» **WHAT TO DO**: Reproduce, exactly and only, the lines of the data that follows from the one containing "100%的她 100%的她-第 28 话 第42页" down to the one containing "鉄道風景カレンダー2025【壁掛けタイプ】※送料込み", without pictures.
┌─ SUPPLIED MATERIAL
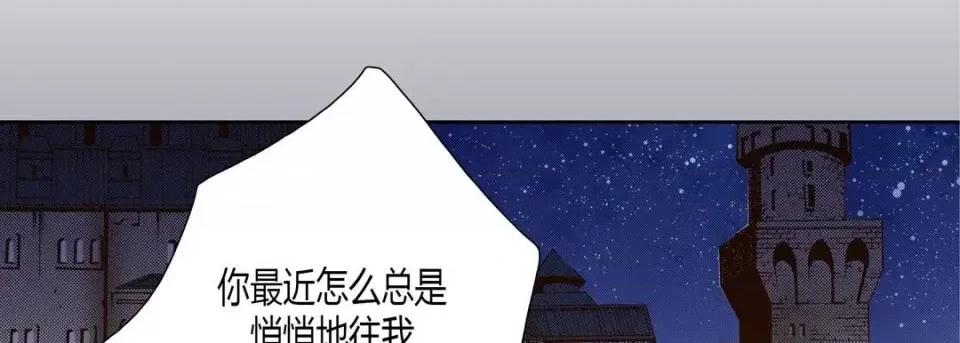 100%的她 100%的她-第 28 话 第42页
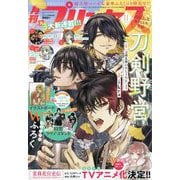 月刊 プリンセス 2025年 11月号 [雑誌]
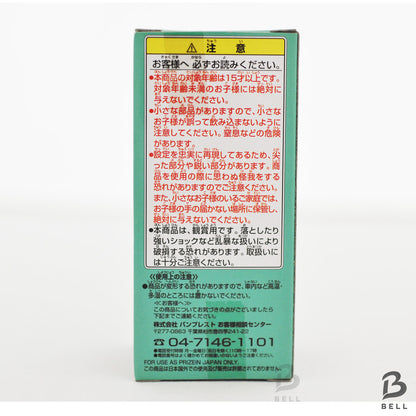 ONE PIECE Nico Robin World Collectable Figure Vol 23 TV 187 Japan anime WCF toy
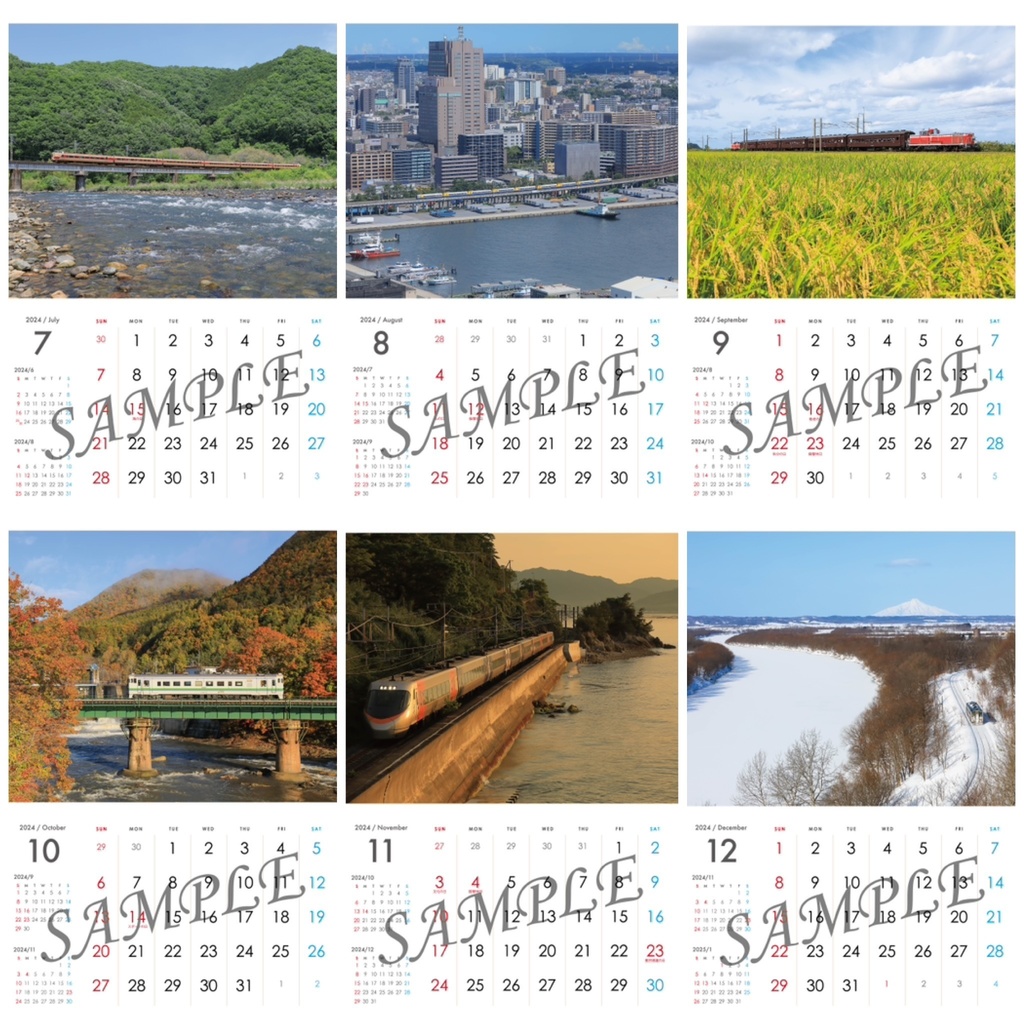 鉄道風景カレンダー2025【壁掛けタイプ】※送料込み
└─
┌─ SUPPLIED MATERIAL
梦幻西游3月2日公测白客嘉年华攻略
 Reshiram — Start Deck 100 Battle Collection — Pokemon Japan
└─
┌─ SUPPLIED MATERIAL
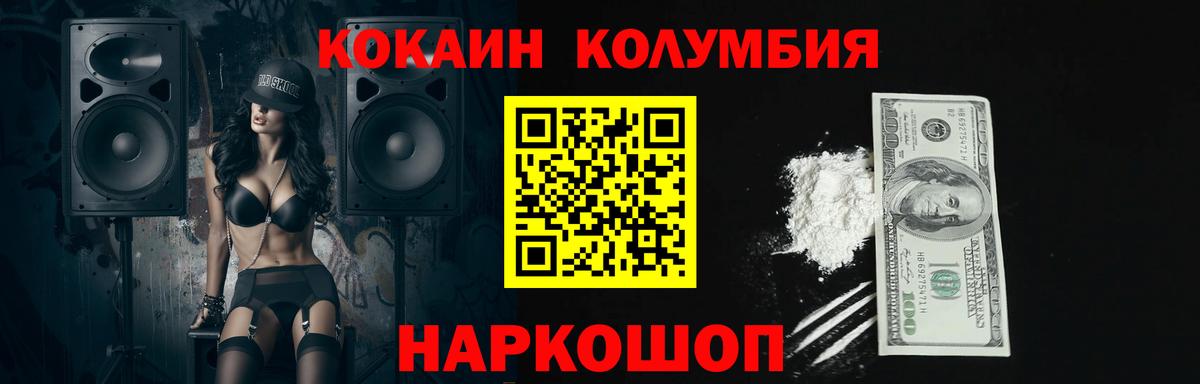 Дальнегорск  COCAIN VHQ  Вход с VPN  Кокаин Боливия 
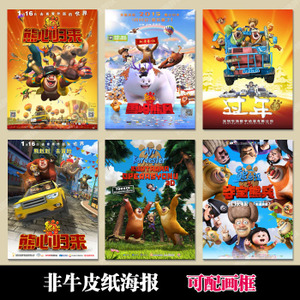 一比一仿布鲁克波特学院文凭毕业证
└─
» **EXPECTED ANSWER**:
 100%的她 100%的她-第 28 话 第42页
 月刊 プリンセス 2025年 11月号 [雑誌]
 ONE PIECE Nico Robin World Collectable Figure Vol 23 TV 187 Japan anime WCF toy
 鉄道風景カレンダー2025【壁掛けタイプ】※送料込み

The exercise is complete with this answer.